Ele contou que o estado, historicamente, já tentou emplacar a medida e os fazendeiros nunca aderiram. Isso tem uma explicação. Primeiro, contou Feliciano, eles não se entendem como ocupantes irregulares, pois advogam e são bem orientados para isso, em dizer que a ocupação não foi de má fé. Segundo, ao aderir a esse acordo, eles publicamente assumem que as terras são do Estado, ou seja, eles mesmos reconhecem que foram frutos da grilagem.
“Fazendeiro algum dessa região admitiria isso, pois na concepção deles, essa grilagem não tem sentido com sua ocupação atual”, disse Carlos Feliciano. Além disso, “caso estejam propostos a aceitar esse acordo, somente o fariam se não fosse oneroso para seu bolso”, completou.
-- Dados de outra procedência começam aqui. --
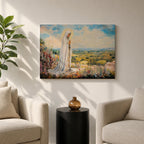 Virgin Mary Apparition Wall Art Our Lady of Fatima Framed Canvas Catholic Prayer Decor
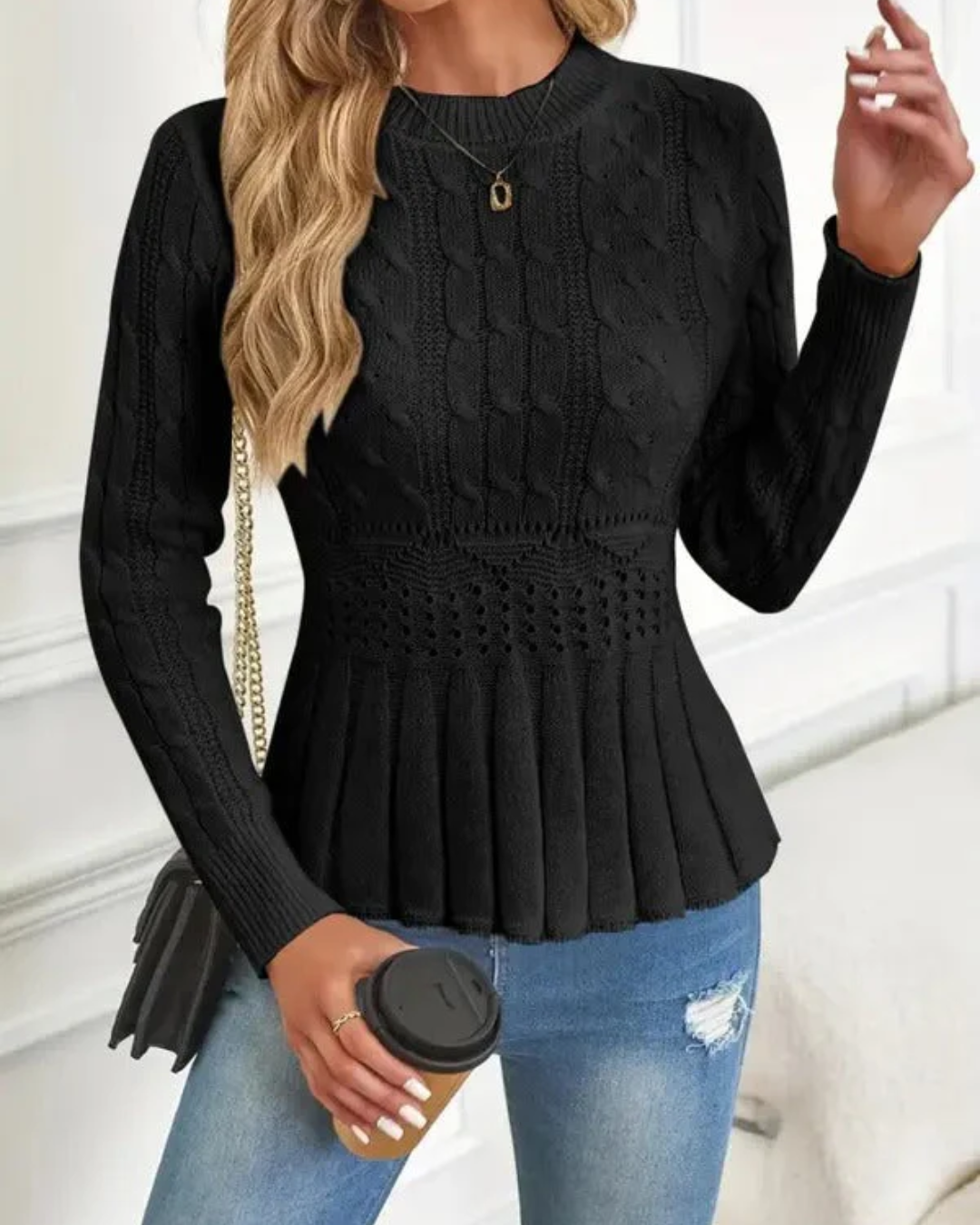 Jersey de punto grueso con cuello redondo para mujer®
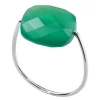 Morganne Bello Bague-BAGUE OR BLANC COUSSIN AGATE VERTE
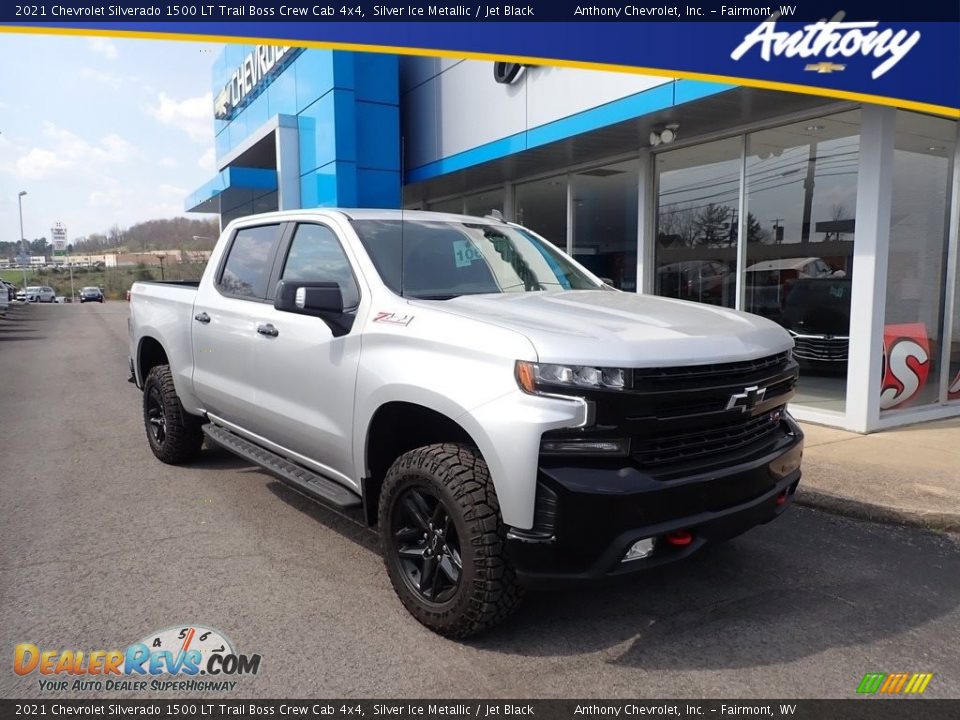 2021 Chevrolet Silverado 1500 LT Trail Boss Crew Cab 4x4 Silver Ice Metallic / Jet Black Photo #1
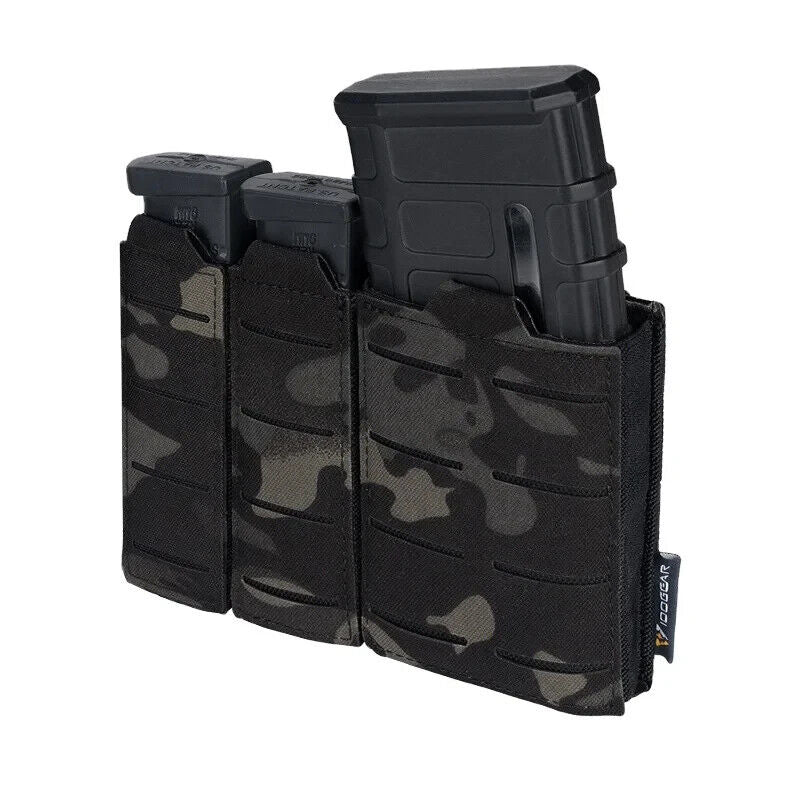 Load image into Gallery viewer, IDOGEAR Tactical Triple Mag Pouch MOLLE, Fits 5.56 &amp; 9mm Magazines, Multi-Color
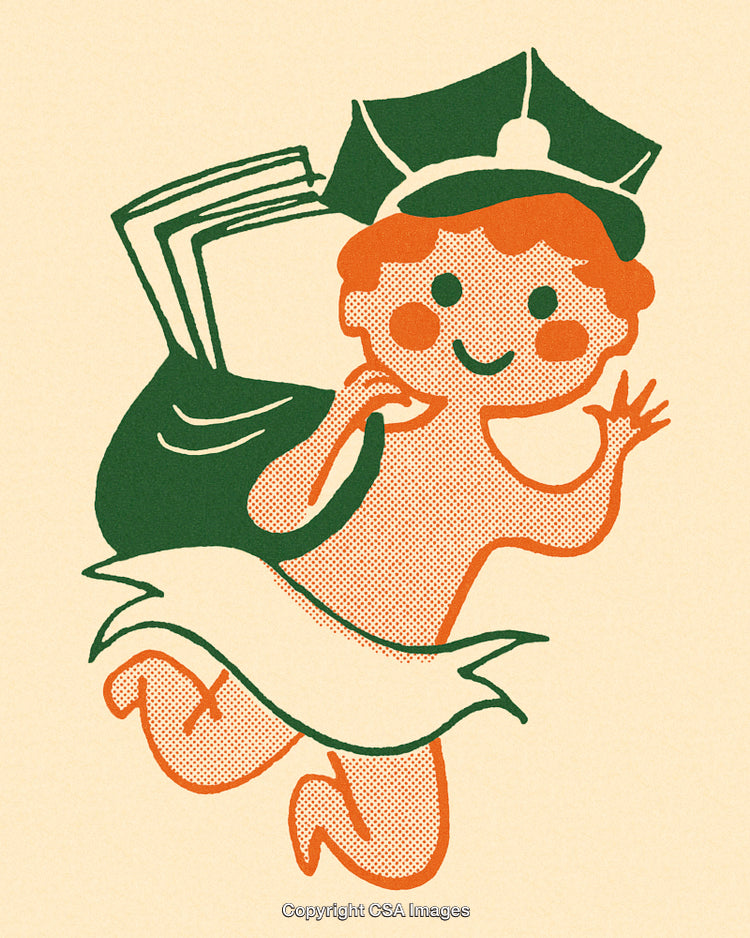 Retro Illustration of a Cartoon Baby with Cheerful Smile and Postman Hat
Mas, segundo Feliciano, o projeto de lei viabiliza que o Estado regularize (compre) as terras de acordo com seu tamanho e destine o recurso para um Fundo de Desenvolvimento para o Pontal. “Na lógica dos fazendeiros/grileiros não há sentido essa proposta, pois eles ou seus familiares antecessores, em algum momento, compraram de boa fé essas terras, então, eles novamente comprariam o que já são deles”, explicou.
Processo histórico
O Pontal do Paranapanema é, historicamente, uma área de disputa desde sua ocupação, baseada, segundo informações divulgadas na tese de doutorado do professor Carlos Feliciano, na expropriação indígena, na grilagem de terras e no desmatamento.
Hoje, a disputa é travada pelas classes sociais existentes na região. Ou seja, de um lado, os fazendeiros. Do outro, os camponeses. Segundo Valmir Rodrigues Chávez, mais conhecido como Bil, Dirigente Estadual do MST, as usinas de açúcar se organizaram com o agronegócio para arrendar terras que deveriam ser destinadas à Reforma Agrária.
“Alckmin está tentando tirar algumas cláusulas do projeto [Lei 11600/03] para atender, exclusivamente, aos usineiros e grileiros”, afirmou Bil.
Além disso, de acordo com Bil, quem gera emprego na região são os assentamentos. “As empresas chegaram gerando empregos de fachada. Trouxeram as tecnologias ligadas ao plantio e ao corte de cana, que, consequentemente, gerou crises agudas na região”, informou. Ele também lembrou que, antigamente, saiam da região 23 ônibus com bóias-frias em direção às usinas. Hoje, saem apenas três ônibus. “Então, é mentira que as empresas trouxeram emprego para a região”, disse indignado.
“Eu estou na região desde 1983. Acompanho todo o processo de disputa por terras na região bem de perto e os grileiros, hoje, têm Geraldo Alckmin como aliado”, desabafou Bil.
Atualmente, mais de 2 mil pessoas estão acampadas na região, aguardando terras destinadas à Reforma Agrária.